What you will do =>
Take the line containing "2014 Lincoln MKS" and all lines after it to the end of the records, and output them exactly.

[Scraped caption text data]
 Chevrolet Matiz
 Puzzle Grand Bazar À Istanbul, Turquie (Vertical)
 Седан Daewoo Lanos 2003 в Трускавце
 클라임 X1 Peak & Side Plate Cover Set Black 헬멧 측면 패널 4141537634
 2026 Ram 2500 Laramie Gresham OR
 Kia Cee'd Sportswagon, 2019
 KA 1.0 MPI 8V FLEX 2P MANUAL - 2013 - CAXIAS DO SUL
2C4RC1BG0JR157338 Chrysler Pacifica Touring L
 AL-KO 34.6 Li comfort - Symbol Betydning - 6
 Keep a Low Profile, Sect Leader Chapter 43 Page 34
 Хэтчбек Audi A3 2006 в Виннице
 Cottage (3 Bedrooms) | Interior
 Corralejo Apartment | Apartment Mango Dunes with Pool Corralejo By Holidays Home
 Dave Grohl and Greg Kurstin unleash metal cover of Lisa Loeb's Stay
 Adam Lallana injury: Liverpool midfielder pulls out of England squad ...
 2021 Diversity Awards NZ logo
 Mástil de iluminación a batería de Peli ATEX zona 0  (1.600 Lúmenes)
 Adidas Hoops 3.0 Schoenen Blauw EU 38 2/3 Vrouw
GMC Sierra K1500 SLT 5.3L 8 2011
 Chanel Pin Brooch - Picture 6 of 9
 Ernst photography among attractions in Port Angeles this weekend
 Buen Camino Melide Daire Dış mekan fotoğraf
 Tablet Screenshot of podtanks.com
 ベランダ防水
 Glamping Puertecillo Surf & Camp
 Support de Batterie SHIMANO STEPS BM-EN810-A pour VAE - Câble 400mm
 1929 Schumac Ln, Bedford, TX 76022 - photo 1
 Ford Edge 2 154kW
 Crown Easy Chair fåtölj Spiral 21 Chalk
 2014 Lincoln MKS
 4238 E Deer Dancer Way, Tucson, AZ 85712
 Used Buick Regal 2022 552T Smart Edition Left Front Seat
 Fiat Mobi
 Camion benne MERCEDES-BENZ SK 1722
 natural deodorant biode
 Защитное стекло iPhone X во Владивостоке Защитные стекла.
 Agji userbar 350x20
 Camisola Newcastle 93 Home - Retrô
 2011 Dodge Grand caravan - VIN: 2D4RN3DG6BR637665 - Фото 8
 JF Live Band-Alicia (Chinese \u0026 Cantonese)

Exercise result =>
 2014 Lincoln MKS
 4238 E Deer Dancer Way, Tucson, AZ 85712
 Used Buick Regal 2022 552T Smart Edition Left Front Seat
 Fiat Mobi
 Camion benne MERCEDES-BENZ SK 1722
 natural deodorant biode
 Защитное стекло iPhone X во Владивостоке Защитные стекла.
 Agji userbar 350x20
 Camisola Newcastle 93 Home - Retrô
 2011 Dodge Grand caravan - VIN: 2D4RN3DG6BR637665 - Фото 8
 JF Live Band-Alicia (Chinese \u0026 Cantonese)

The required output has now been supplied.